Provided records.
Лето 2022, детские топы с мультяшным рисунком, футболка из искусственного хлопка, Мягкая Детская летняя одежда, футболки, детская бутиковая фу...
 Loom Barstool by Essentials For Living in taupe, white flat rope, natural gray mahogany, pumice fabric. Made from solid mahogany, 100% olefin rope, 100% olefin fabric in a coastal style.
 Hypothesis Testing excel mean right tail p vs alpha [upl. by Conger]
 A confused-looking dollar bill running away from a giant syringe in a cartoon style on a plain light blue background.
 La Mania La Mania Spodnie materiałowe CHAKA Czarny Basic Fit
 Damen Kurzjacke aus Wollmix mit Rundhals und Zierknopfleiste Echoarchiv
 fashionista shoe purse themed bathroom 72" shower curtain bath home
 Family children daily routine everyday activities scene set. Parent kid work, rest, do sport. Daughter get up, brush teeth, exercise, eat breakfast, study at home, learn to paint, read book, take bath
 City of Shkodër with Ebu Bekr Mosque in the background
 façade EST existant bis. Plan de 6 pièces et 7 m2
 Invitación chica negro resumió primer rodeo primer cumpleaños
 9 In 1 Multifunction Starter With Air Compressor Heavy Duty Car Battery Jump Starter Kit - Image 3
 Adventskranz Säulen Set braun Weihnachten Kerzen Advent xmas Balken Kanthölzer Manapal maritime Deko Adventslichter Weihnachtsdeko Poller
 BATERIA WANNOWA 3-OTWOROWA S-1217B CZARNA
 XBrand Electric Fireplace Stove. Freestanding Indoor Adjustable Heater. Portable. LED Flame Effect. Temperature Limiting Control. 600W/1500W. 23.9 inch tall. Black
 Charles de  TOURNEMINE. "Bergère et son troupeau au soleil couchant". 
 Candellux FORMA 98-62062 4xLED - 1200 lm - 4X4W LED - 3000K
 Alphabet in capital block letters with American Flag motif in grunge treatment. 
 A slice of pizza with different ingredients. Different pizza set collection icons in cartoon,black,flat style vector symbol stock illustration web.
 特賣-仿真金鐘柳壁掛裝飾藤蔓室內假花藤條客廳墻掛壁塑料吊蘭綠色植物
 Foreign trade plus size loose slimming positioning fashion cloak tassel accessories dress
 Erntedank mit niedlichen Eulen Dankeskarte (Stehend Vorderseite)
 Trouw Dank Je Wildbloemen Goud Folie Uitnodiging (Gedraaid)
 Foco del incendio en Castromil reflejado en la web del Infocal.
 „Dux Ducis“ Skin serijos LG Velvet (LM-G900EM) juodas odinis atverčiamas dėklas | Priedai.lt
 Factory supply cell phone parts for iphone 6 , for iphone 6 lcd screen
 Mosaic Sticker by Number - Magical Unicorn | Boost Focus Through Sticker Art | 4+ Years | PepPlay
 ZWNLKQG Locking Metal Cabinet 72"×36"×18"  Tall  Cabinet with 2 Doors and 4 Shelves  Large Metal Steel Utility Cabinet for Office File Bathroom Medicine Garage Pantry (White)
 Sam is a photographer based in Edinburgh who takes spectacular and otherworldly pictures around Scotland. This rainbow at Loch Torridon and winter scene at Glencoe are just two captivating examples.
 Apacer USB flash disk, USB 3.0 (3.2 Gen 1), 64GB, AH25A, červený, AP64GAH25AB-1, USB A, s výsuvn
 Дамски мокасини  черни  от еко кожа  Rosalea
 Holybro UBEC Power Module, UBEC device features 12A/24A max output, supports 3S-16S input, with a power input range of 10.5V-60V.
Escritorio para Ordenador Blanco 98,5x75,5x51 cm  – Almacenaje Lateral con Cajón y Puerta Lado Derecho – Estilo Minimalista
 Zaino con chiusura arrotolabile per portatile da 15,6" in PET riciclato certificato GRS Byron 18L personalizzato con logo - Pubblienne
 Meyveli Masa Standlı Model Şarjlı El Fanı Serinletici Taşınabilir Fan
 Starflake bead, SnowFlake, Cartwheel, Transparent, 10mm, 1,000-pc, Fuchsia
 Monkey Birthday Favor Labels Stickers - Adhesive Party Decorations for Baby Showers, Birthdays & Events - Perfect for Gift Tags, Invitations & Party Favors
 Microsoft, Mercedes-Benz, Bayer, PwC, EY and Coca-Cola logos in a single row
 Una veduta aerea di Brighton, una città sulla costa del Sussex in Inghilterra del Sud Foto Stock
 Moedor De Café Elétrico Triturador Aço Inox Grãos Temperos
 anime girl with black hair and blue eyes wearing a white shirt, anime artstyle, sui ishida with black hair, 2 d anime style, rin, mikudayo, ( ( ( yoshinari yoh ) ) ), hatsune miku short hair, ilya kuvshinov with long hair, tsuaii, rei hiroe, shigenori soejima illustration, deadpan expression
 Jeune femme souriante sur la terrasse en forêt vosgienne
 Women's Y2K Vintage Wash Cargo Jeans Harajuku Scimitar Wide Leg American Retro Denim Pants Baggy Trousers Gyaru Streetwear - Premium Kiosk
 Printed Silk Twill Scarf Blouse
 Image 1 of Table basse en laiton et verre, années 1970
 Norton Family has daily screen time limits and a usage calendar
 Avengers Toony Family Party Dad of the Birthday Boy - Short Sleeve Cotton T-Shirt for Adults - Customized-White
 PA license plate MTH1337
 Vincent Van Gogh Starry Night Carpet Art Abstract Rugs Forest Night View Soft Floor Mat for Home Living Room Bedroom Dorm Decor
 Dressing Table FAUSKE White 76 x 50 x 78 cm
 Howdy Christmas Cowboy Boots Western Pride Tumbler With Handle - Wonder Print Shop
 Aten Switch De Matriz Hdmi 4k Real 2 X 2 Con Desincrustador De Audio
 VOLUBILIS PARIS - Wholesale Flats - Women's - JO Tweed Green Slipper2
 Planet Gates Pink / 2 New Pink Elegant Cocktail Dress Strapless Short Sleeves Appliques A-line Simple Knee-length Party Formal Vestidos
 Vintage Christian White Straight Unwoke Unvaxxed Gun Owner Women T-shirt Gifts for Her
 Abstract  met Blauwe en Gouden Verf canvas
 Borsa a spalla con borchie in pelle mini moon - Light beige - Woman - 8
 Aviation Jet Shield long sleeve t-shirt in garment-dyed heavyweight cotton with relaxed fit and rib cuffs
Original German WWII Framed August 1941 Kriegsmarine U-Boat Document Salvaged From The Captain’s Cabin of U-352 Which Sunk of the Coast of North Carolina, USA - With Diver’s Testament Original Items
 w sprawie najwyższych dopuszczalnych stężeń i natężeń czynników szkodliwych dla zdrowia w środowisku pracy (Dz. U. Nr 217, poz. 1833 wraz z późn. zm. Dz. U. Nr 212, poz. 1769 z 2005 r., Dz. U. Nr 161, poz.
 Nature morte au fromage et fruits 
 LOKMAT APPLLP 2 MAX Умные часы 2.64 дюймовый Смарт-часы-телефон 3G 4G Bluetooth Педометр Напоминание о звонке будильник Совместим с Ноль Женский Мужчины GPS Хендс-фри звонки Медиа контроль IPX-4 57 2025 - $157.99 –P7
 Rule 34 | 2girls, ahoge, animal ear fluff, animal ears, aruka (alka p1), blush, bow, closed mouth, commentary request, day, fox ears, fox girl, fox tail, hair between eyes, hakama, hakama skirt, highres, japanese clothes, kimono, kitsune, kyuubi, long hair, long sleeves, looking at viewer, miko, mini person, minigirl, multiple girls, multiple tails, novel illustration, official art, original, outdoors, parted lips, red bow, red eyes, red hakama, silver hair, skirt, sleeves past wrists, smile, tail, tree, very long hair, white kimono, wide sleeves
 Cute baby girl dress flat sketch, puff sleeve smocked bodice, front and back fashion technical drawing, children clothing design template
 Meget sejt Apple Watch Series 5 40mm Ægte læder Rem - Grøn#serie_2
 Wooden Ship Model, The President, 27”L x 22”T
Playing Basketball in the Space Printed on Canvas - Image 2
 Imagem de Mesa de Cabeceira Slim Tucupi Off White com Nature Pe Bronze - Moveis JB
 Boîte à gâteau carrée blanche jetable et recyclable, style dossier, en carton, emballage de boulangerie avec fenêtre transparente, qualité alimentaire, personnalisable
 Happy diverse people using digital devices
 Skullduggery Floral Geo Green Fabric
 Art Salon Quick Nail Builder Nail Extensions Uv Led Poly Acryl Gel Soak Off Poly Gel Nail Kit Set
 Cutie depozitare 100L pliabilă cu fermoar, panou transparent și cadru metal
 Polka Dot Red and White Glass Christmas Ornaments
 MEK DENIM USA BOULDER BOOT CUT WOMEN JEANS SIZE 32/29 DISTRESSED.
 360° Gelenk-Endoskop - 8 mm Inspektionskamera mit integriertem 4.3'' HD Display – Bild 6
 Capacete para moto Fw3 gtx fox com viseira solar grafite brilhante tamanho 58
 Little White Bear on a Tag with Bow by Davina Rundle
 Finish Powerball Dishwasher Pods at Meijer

Task goal.
For the string "Green", show each line of the listing where it appears.

Answer space.
 VOLUBILIS PARIS - Wholesale Flats - Women's - JO Tweed Green Slipper2
 Skullduggery Floral Geo Green Fabric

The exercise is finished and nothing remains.